Now Holy Bull is in position to become the first horse since Slew O' Gold, in 1983, to win the 3-year-old championship without winning a Triple Crown race or the Breeders" Cup Classic. (Holy Bull is not eligible for the Breeders' Cup due to a clerical error on Croll's part earlier in the year, and Croll says he will not pay the $360,000 supplemental fee that would gain him entry.) The Bull is next scheduled to face Go for Gin along with older horses in the 1⅛-mile Woodward at Belmont Park on Sept. 17. Both Tabasco Cat and Go for Gin will run in the Classic, and no 3-year-old has won the Classic and failed to be named champion of that division.
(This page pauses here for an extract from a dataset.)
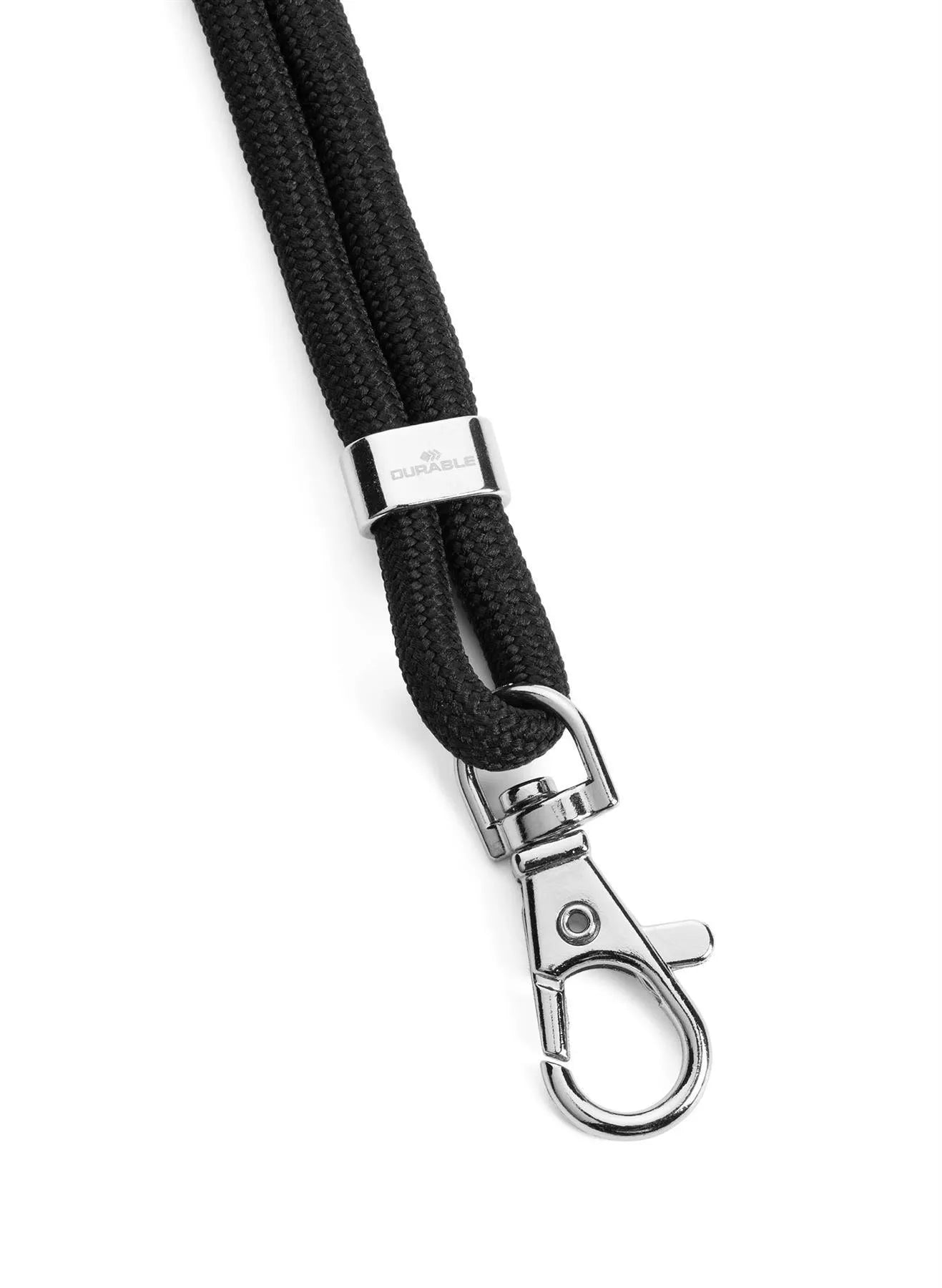 Showing Durable UK's Durable Soft Recycled Fabric Lanyards with Safety Release| 10 Pack | Black, available as SKU 824101 with EAN 4005546740980.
But that will most likely happen this year: Barring a collapse in the Woodward, Holy Bull's litany of success will have him securely at the front of the pack.
More romantically, Holy Bull has for the moment captured the game's imagination. To his alluring speed he has added courage. In the waning light of Saturday evening, Team Croll gathered at Saratoga's stakes barn. Groom Bob Coffey fed Holy Bull carrots and led him about on a shank as Croll watched and a band hammered out oldies in the distance.
It is a dangerous thing to knock at history's door. Croll knows he must do so with caution, and with the knowledge that Holy Bull has much left before him. So he stops to ponder the question when asked whether he is saddling the elusive superstar. "He's pretty close," Croll finally says.
Perhaps it's true that there is no holy land. But frozen in one small moment on Saturday, surely there was a hero.